2023年2月18日/ウクライナ、東部ドネツク州の前線付近(Libkos)

ウクライナ軍がロシア領内への攻撃を開始し、複数の集落を占領したとみられる。

ロシア国防省は7日、ウクライナと国境を接する西部クルスク州で越境攻撃を仕掛けているウ軍との激しい戦闘が続いていると報告。ウクライナ政府はこの攻撃に関する声明を出していない。

ロシアの軍事ブロガーなどによると、数千人規模のウクライナ軍部隊が6日、クルスク州に越境攻撃を仕掛けたとみられる。

一部のブロガーはウクライナ軍と反ロシア勢力の合同チームが国境地帯の多くの集落を占領し、国境から15キロほど進軍したと伝えている。

プーチン(Vladimir Putin)大統領は7日、政府と国防指導部による緊急会合を開き、この問題について協議した。

プーチン氏は声明で、「大規模な挑発行動」があったとし、ウクライナ軍がクルスク州の民間施設を無差別に攻撃していると非難した。

一部の独立系メディアは観測筋の話しとして、「民間軍事会社ワグネルとつながりのある反ロシア勢力がウクライナ軍と別々に行動し、国境から18キロほど離れた集落を通過、別の集落に向かっている」と報じた。

AP通信などによると、ウクライナ陣営はクルスク州の国境の町にほとんど抵抗を受けることなく侵攻したという。

この町には西欧に天然ガスを供給するパイプラインの拠点があるとされるが、町がウクライナ陣営の支配下に置かれたかどうかは不明だ。

ロシア国防省に近い著名な軍事ブログ「Rybar」はこの地域で活動するロ軍の状況について、「悪化の一途をたどっており、ウクライナ軍は6日から少なくとも11の集落に入ったが、そのほとんどを占領せず、通過したようだ」と報告している。

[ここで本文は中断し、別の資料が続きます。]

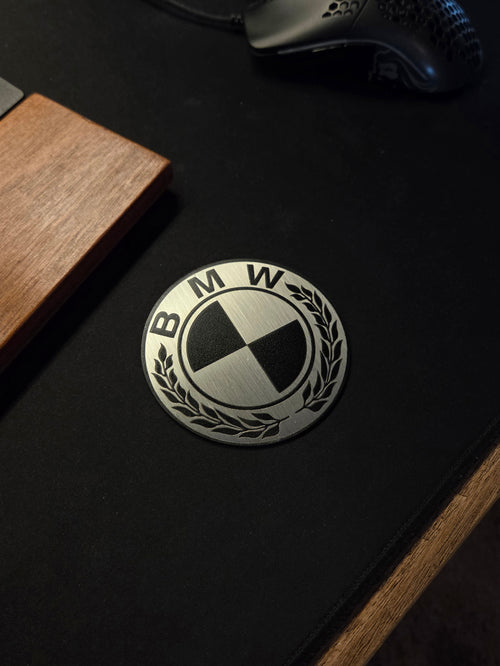 BMW logo on a black surface with wooden and metallic objects around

ロシア国防省は当初、ウ軍の攻撃をはね返し、撤退させたと主張。ゲラシモフ(Valery Gerasimov)参謀総長は7日、1000人以上のウ軍兵士が国境を越え、ロシア軍の攻撃により数百人が死傷したとプーチン氏に報告した。

国境付近で激しい戦闘が続いていることは事実とみられ、ロシア当局はこの地域から民間人を退避させるとしている。

クルスク当局によると、ウ軍の砲撃などにより、少なくとも31人の民間人が負傷したという。

市民やブロガーがSNSに投稿した動画にはサイレンが響き渡る中、パニック状態で避難する人々の姿が映っていた。

AP通信が確認した動画には捕虜になったとみられるロシア兵数十人が道路脇に座り、ウ軍のものとみられる装甲車がその横を通過する様子が映っていた。

Rybarによると、少なくとも2000人のウ軍兵士が国境を越えて集結し、その工兵部隊が占領した集落とその周辺に塹壕や要塞を築こうとしているという。

一部の専門家はこの越境攻撃について、ウクライナはロシアとの和平交渉を有利に進めるため、国境付近のロシア領やパイプライン拠点を支配下に置き、それを返還する見返りにロシアが併合した4州とクリミア半島を取り戻そうとしているという見方を示している。